Church of England Synod gathers to consider same-sex blessings

(Photo: Church of England)

Members of the Church of England's parliamentary body, General Synod, are convening to consider prayers of blessing for same-sex couples.

Plans to introduce Prayers of Love and Faith (PLF) were approved by the February meeting of Synod, which also agreed that new pastoral guidance should be introduced.

The House of Bishops has been working since the February Synod on how these prayers should be implemented and will update this week's meeting.

The majority of the House of Bishops has commended the Prayers of Love and Faith with the exception of 11 dissenting bishops, among them the Bishop of Blackburn, Philip North, the Bishop of Lancaster, Jill Duff, the Bishop of Chichester, Martin Warner, and the Bishop of Sheffield, Pete Wilcox.

Ahead of the November Synod, there have been calls for the Archbishop of Canterbury, Justin Welby, to step down over his handling of disagreements around PLF.
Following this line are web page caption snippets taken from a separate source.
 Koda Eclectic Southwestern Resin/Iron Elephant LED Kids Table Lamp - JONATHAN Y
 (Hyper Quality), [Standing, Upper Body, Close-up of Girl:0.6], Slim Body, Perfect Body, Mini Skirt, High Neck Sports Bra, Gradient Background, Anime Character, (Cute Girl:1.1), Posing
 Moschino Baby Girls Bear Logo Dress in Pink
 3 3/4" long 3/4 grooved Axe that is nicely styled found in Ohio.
In October the House of Bishops voted to delay the implementation of standalone PLF services until 2025, when they will require a two-thirds majority. However, the bishops said that clergy would soon be able to use the new liturgy as part of existing services.

In an address to Synod at the start of the November group of sessions, the Archbishop of York, Stephen Cottrell, said he wanted legal protection for priests who wish to use the prayers.

"There will need to be some sort of provision. But just as the way forward that is being proposed is pastoral, and in my view does not mean a change in the Church of England's doctrine of Holy Matrimony, so I believe the reassurance and provision that we need should be pastoral," he said.

"This is why I will be supporting the amendment being put forward by the Bishop of Oxford because, as things stand, I am concerned that clergy using the commended prayers might find themselves vulnerable to a legal challenge if their use of the prayers looks to someone else to be a standalone service.

"Something that allows standalone services for an experimental period seems to me to be a sensible and pastoral way forward. It gives clergy and parishes who want to use the Prayers of Love and Faith the legal protection they need.

"And because this will be on an opt-in basis, clergy and parishes who in good conscience won't use the prayers will be under no compunction or compulsion so to do, nor will they be disadvantaged in any way by their decision."